(Exercise prompt)
From the entries, copy every line that carries the string "Vintage".

Exercise materials Start Marker

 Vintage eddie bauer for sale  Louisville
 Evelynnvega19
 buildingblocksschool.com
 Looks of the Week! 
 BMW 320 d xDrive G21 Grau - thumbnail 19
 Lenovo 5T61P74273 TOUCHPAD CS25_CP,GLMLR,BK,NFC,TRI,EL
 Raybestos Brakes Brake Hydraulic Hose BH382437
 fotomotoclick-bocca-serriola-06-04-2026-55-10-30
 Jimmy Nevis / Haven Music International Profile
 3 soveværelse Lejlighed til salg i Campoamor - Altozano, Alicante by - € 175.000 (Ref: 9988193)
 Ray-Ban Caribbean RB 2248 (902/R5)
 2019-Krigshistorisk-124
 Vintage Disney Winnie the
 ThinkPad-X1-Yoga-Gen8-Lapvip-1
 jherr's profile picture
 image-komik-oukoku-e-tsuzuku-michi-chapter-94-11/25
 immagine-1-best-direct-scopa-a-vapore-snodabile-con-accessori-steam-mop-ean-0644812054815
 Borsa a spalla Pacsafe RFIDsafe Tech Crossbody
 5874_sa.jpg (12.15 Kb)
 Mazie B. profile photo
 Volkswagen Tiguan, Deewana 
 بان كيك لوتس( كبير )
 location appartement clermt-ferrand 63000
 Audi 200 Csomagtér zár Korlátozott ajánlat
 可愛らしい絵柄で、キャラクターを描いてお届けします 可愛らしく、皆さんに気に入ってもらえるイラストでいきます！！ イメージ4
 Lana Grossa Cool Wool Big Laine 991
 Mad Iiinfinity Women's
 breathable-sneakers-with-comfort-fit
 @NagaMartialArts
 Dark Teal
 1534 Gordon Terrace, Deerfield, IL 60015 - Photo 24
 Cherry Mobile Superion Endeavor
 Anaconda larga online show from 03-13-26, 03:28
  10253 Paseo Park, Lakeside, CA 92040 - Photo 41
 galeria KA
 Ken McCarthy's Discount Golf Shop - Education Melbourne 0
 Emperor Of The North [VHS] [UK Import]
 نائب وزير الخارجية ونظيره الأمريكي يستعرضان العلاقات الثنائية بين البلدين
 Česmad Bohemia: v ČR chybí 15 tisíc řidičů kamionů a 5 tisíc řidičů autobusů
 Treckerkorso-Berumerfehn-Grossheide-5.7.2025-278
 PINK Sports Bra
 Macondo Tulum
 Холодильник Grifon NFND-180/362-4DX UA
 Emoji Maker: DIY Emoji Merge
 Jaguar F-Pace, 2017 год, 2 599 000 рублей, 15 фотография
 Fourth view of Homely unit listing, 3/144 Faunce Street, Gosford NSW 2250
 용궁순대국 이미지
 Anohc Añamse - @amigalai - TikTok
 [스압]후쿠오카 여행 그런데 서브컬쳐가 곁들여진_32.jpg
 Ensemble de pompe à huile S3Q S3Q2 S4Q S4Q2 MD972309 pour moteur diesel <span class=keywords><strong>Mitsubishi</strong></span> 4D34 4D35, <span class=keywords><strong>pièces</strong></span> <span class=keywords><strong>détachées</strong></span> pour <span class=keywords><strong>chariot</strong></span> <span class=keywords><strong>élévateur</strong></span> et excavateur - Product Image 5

Exercise materials End Marker

(Task response)
 Vintage eddie bauer for sale  Louisville
 Vintage Disney Winnie the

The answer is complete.